Era uma ave estranha pois, contrariamente a outras espécies, não temia a proximidade dos homens. E, por não os temer, esta espécie foi extinta. Homens ignorantes e cruéis – que também os havia nesse tempo – divertiram-se a persegui-los e matá-los.
Um livro que nos fala das aventuras de uma Alice descreve o paradoxo do pássaro Dodô. Depois do dilúvio causado pelas suas próprias lágrimas, Alice chega a uma praia onde encontra vários animais, todos eles encharcados e com frio.
O pássaro Dodô sugere que façam uma corrida para se aquecerem. Todos começam a correr, cada qual para seu lado, cada qual escolhendo o seu próprio percurso, era fácil ver que todos os percursos eram diferentes.
No final da corrida, todos estavam quentinhos e a salvo. Perguntaram ao pássaro quem teria sido o vencedor. Como cada um correu como e por onde quis, o pássaro Dodô declarou que todos tinham sido vencedores das suas próprias corridas.
Há vinte anos, atento à extinção de espécies e à degradação ambiental, o Papa Francisco asseverou ser necessária uma educação que respeitasse a diversidade e a inclusão:
“É necessário acelerar esse movimento inclusivo da educação, para combater a cultura do descarte, criada pela rejeição da fraternidade como elemento constitutivo da humanidade.
A educação é uma realidade dinâmica. Trata-se de um tipo de movimento orientado ao desenvolvimento pleno da pessoa em sua dimensão individual e social, uma educação que coloca a pessoa no centro de sua realidade e da Casa Comum em que é chamada a viver.

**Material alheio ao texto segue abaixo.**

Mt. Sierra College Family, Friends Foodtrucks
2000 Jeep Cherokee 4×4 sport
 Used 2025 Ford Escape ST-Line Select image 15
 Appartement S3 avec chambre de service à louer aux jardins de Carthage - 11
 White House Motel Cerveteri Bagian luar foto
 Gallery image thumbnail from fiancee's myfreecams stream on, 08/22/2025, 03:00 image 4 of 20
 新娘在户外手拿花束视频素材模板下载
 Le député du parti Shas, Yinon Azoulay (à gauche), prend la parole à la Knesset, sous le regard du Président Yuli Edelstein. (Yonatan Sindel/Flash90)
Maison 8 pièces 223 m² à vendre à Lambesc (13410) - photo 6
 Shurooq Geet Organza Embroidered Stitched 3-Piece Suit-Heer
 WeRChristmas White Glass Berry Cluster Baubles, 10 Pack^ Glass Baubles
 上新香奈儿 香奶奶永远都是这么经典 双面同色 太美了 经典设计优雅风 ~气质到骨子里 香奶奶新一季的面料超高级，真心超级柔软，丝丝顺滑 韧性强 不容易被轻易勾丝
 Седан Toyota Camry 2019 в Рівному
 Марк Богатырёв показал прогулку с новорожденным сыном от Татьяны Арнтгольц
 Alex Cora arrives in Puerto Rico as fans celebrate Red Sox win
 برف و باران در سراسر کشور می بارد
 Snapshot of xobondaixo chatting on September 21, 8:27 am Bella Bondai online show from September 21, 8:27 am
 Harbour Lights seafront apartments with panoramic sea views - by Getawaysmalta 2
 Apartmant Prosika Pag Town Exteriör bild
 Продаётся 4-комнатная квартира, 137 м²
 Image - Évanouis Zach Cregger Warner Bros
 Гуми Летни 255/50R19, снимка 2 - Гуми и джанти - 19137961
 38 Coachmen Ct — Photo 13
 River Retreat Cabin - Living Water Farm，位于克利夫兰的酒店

O movimento educativo construtor de paz é uma força que deve ser alimentada contra a “egolatria” que cria a falta de paz, fraturas entre as gerações, povos, culturas, populações ricas e pobres, homens e mulheres, economia e ética, humanidade e ambiente”.
A “costelinha ambientalista” do Francisco o levou à conclusão de que “um novo pacto educacional deveria ser revolucionário (sic)”:
“É preciso coragem, a coragem de investir as melhores energias, a coragem de formar pessoas disponíveis para se colocarem a serviço da comunidade”.
Retomo metáforas das cartinhas que para vós escrevi no início do século:
“As gaivotas inventaram outros modos de viver e de voar. Contrariavam os porquenãos, pássaros com tendência para beber silêncios no degredo dos ninhos. As negrelas, escondidas nas árvores de troncos putrefatos, haviam deixado atrás do si um rasto de destruição. Aves de mau agoiro ensaiavam papagaios, que são, como se sabe, aves que repetem disparates sem cuidarem de saber dos efeitos, ignorando que o pecado está em não querer saber”.
Em 2014, um Grupo de Trabalho coordenado pela minha amiga Helena tinha dado visibilidade a 178 projetos considerados potencialmente inovadores. Decorrida meia dúzia de anos, poucos restavam em atividade. A maioria fora desvirtuada, por efeito de sinistras ações de “porquenãos” e “negrelas”.
Em setembro de 2020, quando pensavam terem extinguido o espírito fundador desses projetos, eles renasceram como Fênix ressurgindo das cinzas. Reagindo à insanidade do “regresso às aulas”, uma rede de comunidades emergiu do pântano em que a educação se encontrava. Pais e professores conscientes de perigos de precoces aglomerações e dos perniciosos efeitos das aulas, não permitiram que os jovens fossem precipitadamente “aglomerados” dentro de prédios a que chamavam “escolas”.